Which configuration of package_data and/or include_package_data and/or data_files will properly install package_fiddler to my virtual environment?

Project tree

.
├── MANIFEST.in
├── package_fiddler
│   ├── data
│   │   ├── example.html
│   │   └── stylesheets
│   │       └── example.css
│   └── __init__.py
├── README.rst
└── setup.py

setup.py

from setuptools import setup


setup(
    name='Package_fiddler',
    entry_points={
    'console_scripts': ['package_fiddler = package_fiddler:main', ],},
    long_description=open('README.rst').read(),
    packages=['package_fiddler',])

MANIFEST.in

include README.rst
recursive-include package_fiddler/data *

Which configurations of setup.py(with code base above) have I tried?

Configuration1

Adding:

package_data={"": ['package_fiddler/data/*',]}

Configuration2

Adding:

package_data={"": ['*.html', '*.css', '*.rst']}

Configuration3

Adding:

include_package_data=True

Configuration4

Adding:

package_data={"": ['package_fiddler/data',]}

Removing:

packages=['package_fiddler',]

Configuration5 (Chris's suggestion)

Adding:

package_data={"data": ['package_fiddler/data',]}

Removing:

packages=['package_fiddler',]

Configuration 6

Adding:

package_data={"": ['package_fiddler/data/*',]}

Removing:

packages=['package_fiddler',]

These configurations all result in no files at all being installed on /home/username/.virtualenvs/virt_envir/local/lib/python2.7/site-packages.

EDIT

Note to Toshio Kuratomi: In my original post I used the simplest tree structure where this problem occurs for clarity but in reality my tree looks more like the tree below.
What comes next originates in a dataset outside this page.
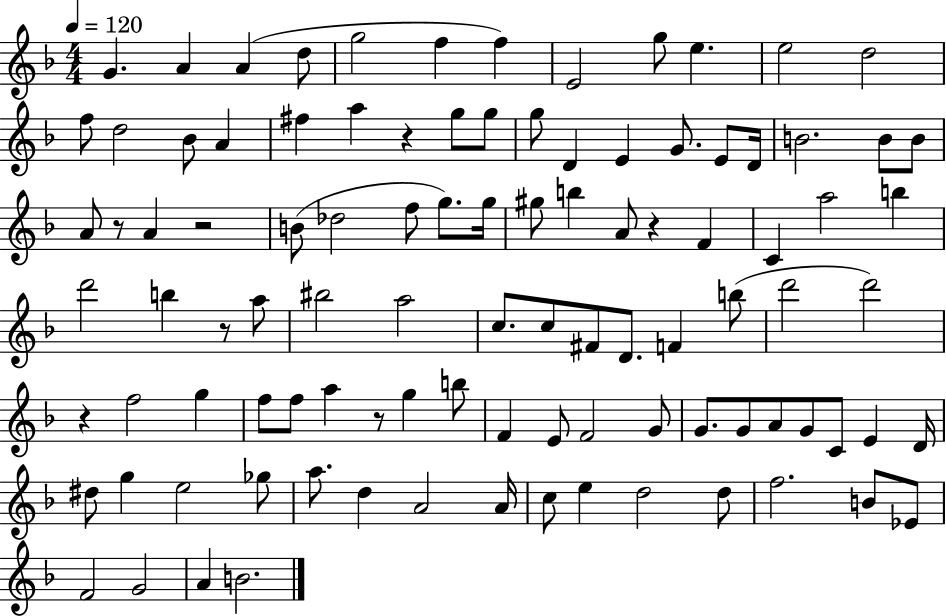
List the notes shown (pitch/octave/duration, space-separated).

For that tree, strangely if I only put an __init__.py in stylesheets somehow all the data files in the texts folder are also installed correctly!!! This baffles me.

Tree 2 (This installs all data files properly somehow!!)

.
├── MANIFEST.in
├── package_fiddler
│   │── stylesheets
|   |     ├── __init__.py
|   |     ├── example.css  
|   |     └── other
|   |          └── example2.css
|   |__ texts
|   |     ├── example.txt  
|   |     └── other
|   |          └── example2.txt
│   └── __init__.py
├── README.rst
└── setup.py

回答1:

I personally dislike the way setuptools mixes code and data both conceptually and implementation-wise. I think that it's that implementation that is tripping you up here. For setuptools to find and use package_data it needs for the data to reside inside of a python package. A python package can be a directory but there needs to be a __init__.py file in the directory. So it looks like you need the following (empty is fine) files:

./package_fiddler/data/__init__.py
./package_fiddler/data/stylesheets/__init__.py


回答2:

Found a solution that worked for me here.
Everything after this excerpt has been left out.